Heidi, that's so great! I really love this book. Thank goodness for libraries that keep older titles. I just ordered myself a copy, too. The bee poem, above, made me laugh out loud the first time I read it. Thanks for stopping by.

This looks fantastic! Thanks for bringing it to our attention!

You're so welcome, Mary Lee. I was glad to discover that it's still in print.

I became aware of Langston Hughes and his wonderful poetry when living and working in NYC. I wish I had known about that sign E127 Street. I would have gone there just for that photograph alone.
Honouring poets in this way is something quite special.
Great detective work in bringing this children's book to our collective attention and great that it is still available. I shall add it to my ever expanding poetry collection.

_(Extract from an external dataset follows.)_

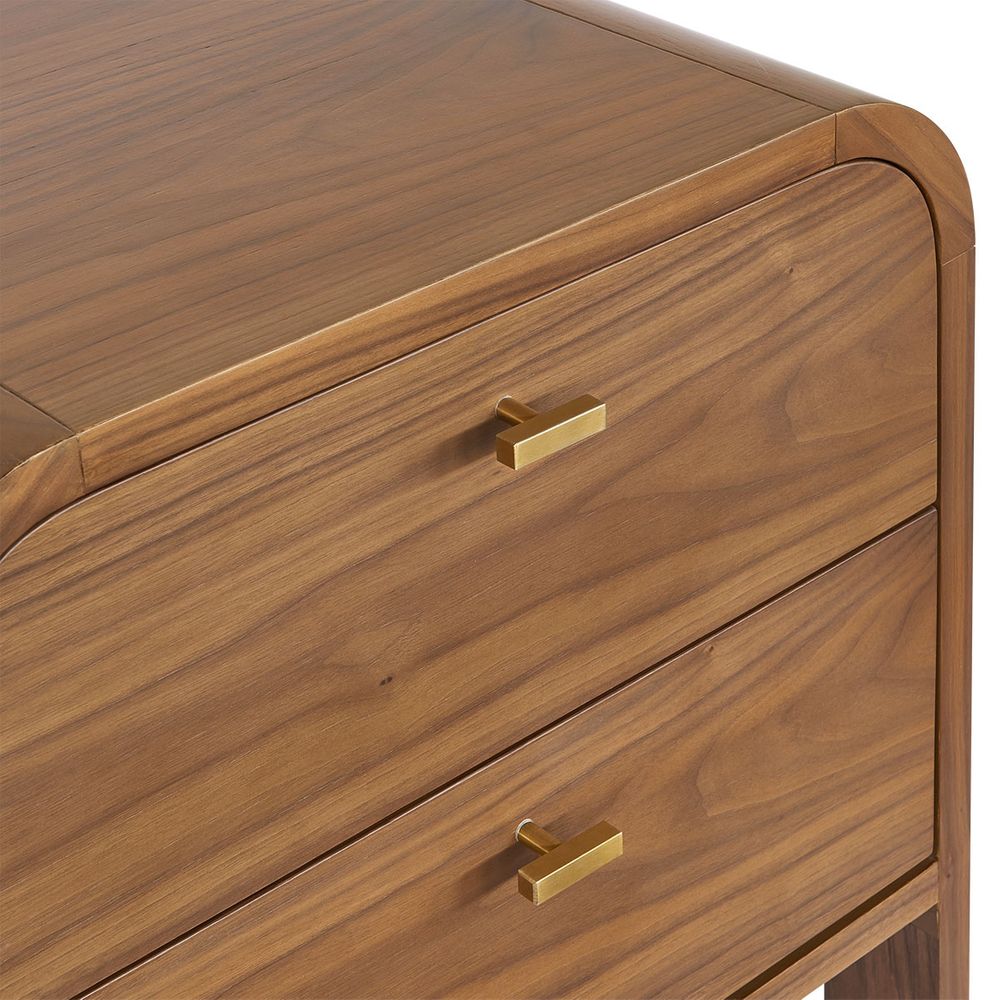 Chisholm Bedside Table - Walnut
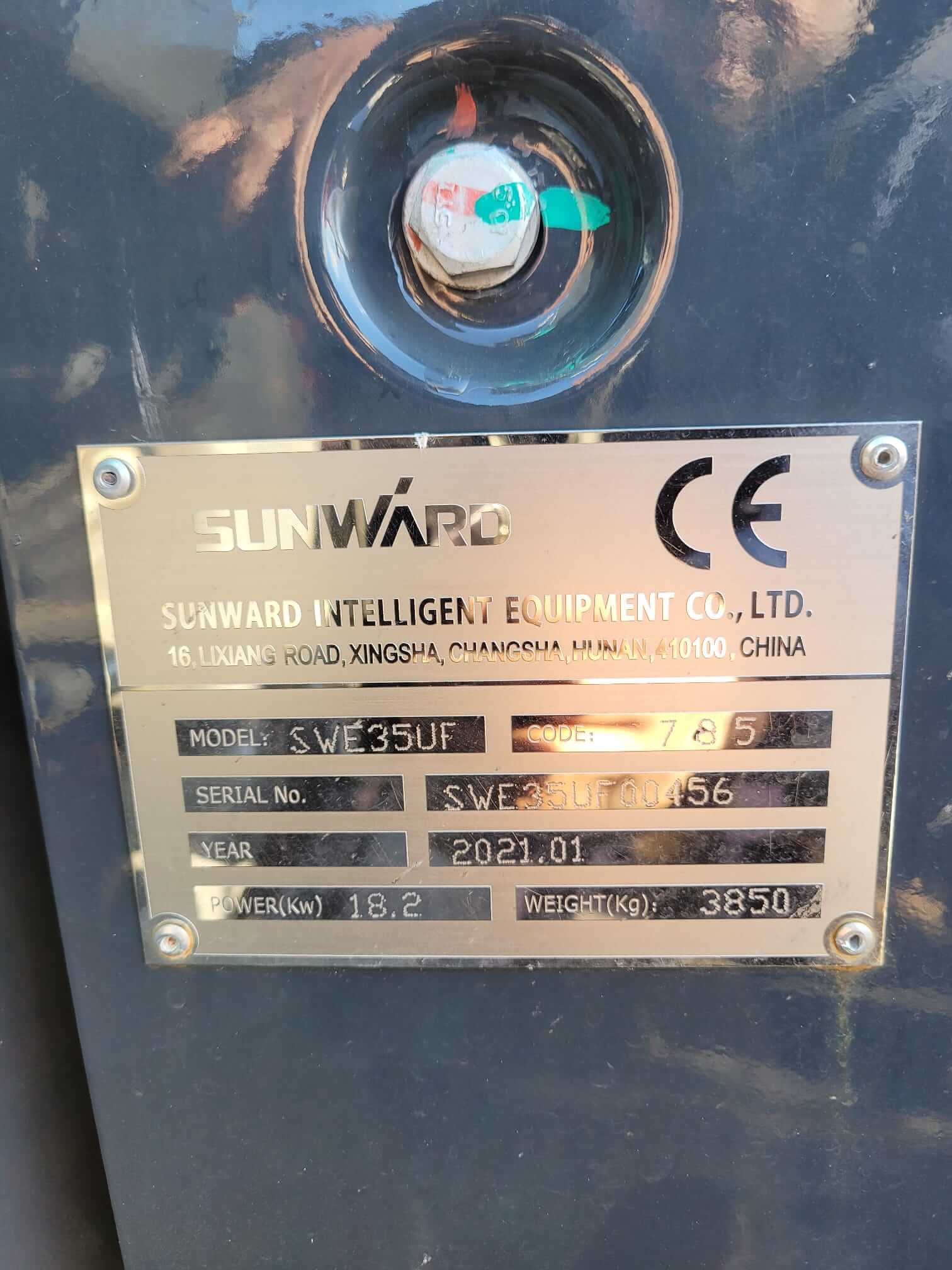 2021 Sunward SWE35UF Mini Excavator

This is a new one for me. I imagine my granddaughters would love it, too! Those words about the lion tell exactly what I feel when I go to the zoo, a thought for the lions and others caged. Thanks!

Wow, this looks terrific!

Alan, thanks so much. I was really happy to stumble upon the book at the library; I had not known about it before. I enjoyed the little research project & since I'm in the city every week or two, the literary excursion was lagniappe for me!

Linda, it's new to me, too. I can't wait to show it to the new group second graders! So true about the lions, too...

Ruth, it is! I have fun imagining the kiddos creating the art and have wondered if any of them went on to artistically oriented careers. I remember my own son making similar-looking fish in second grade for a project on Japan.

I have been a fan of Langston Hughes' poetry since I was a teen, but I wasn't aware that this book had been published. I look foward to checking it out. Thanks for bringing it to our attention!

You're welcome, Elisabeth. I liked the book so much that I bought a copy!

Wonderful to find your appreciation of this now out of print book. I led the team that developed the project while I worked a the Harlem School for the Arts. An editor at OUP approached us with the project - then newly discovered poems that, as I understand them, were developed by Hughes for use in teaching children. Sure wish we could get a reprint of this book!

Wow, that is cool. I love this book, and did order a paperback copy for myself. The student art is beautiful. I agree with you about a reprint!